AS stated on September 14th, the Welsh Government was surprised and delighted to learn in August last year that a pair of ospreys had decided to nest on the Gilestone Farm site. Ospreys are a Schedule 1 species protected under the Wildlife and Countryside Act 1981 and it is first time they have observed this far south in Wales in around 200 years.
Given the historic significant of this development, the birds’ welfare and that of the nest are of course of paramount importance. To protect them, we ensured that initial surveillance and site security was installed at the site in partnership with local bird recorders. Last year we also appointed the UK’s leading expert on ospreys to undertake an ‘Osprey Conservation Plan’ for Gilestone Farm. This was to advise on how we can best manage the site going forward, alongside our continued ambitions for sustainable economic development, including the potential for rural tourism opportunities that support employment opportunities for young people.
I received the expert adviser’s report in December and after taking its recommendations into consideration, and discussing these with the Leader of Powys and Green Man it is clear that the full commercial and charitable objectives of the Green Man Group, as set out in its business plan for the use of Gilestone Farm, can no longer be realised. This is because the report advises that a 750m restricted zone around the nest must be in place on the farm within which only very limited human activity can take place.
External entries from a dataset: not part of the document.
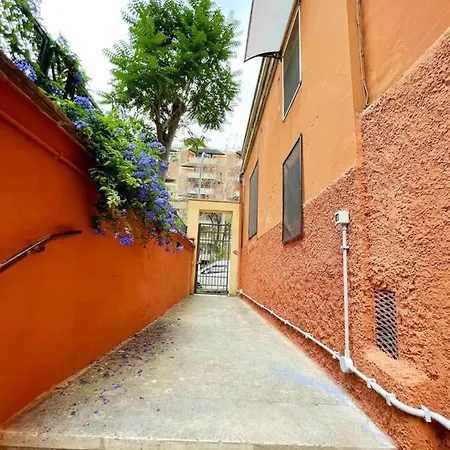 New Apartement Double Large Bedrooms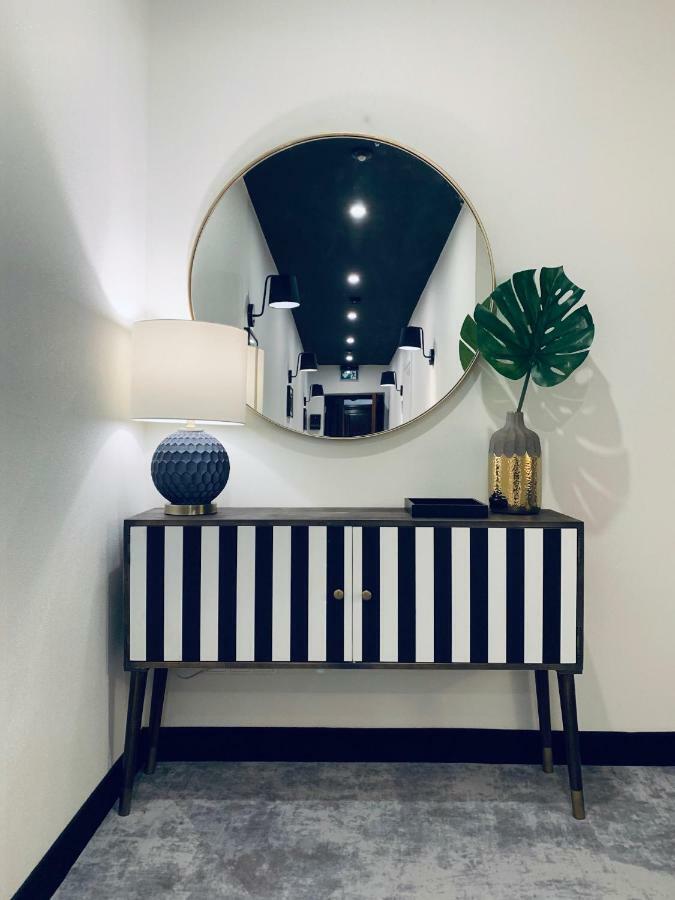 Szewska 22 Boutique Aparthotel Krakkó Kültér fotó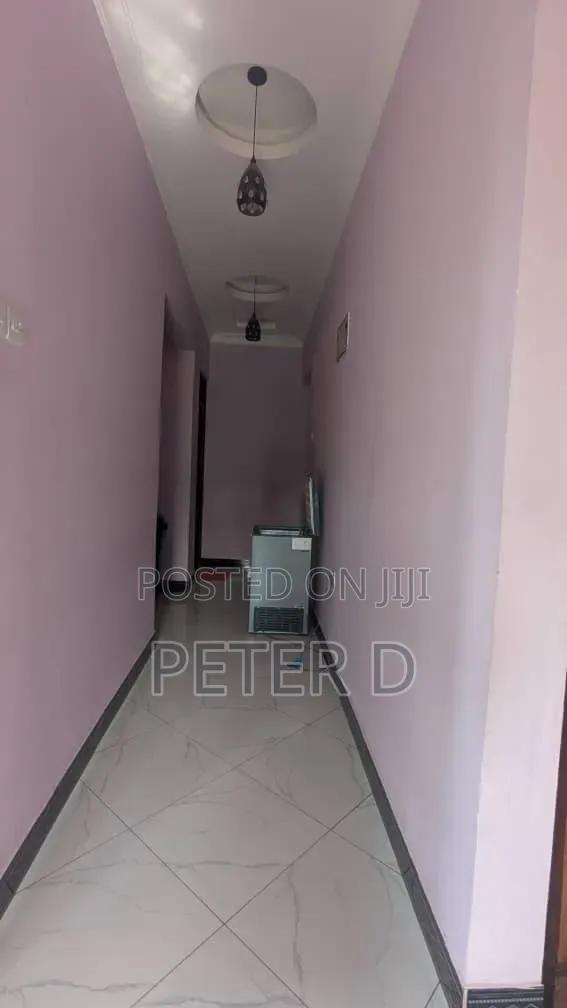 3bdrm House in Mbezi for sale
Protecting the environment for the birds is and will remain paramount.
As stated previously, the ambition set out in Green Man’s business plan represents a positive opportunity for jobs in and investment in rural Wales that matches the strategic priorities – agreed by the UK Government, Welsh Government and local authorities – in the Growing Mid Wales partnership action plan. The Partnership’s vision document sets Strategic Growth Priorities which include tourism, agriculture, food and drink, research and innovation, support for enterprise and skills and employment which are clearly aligned to the proposed areas of activity set out by Green Man to date.
Green Man is a great commercial and cultural asset for Wales. The multi-award-winning, independent Welsh business, that is dedicated to sustainability, is a firm partner of the Welsh Government and we are excited about the opportunities we have to align the strength of their brand with an expanded business vision. We are committed to continuing our work with Green Man to help the company secure a suitable long-term base in Wales, where its strong potential can be realised; my officials will continue to work with them and our wider partners to help achieve this aim, just as we work with a broad range of other key Welsh and overseas investors in regions across Wales.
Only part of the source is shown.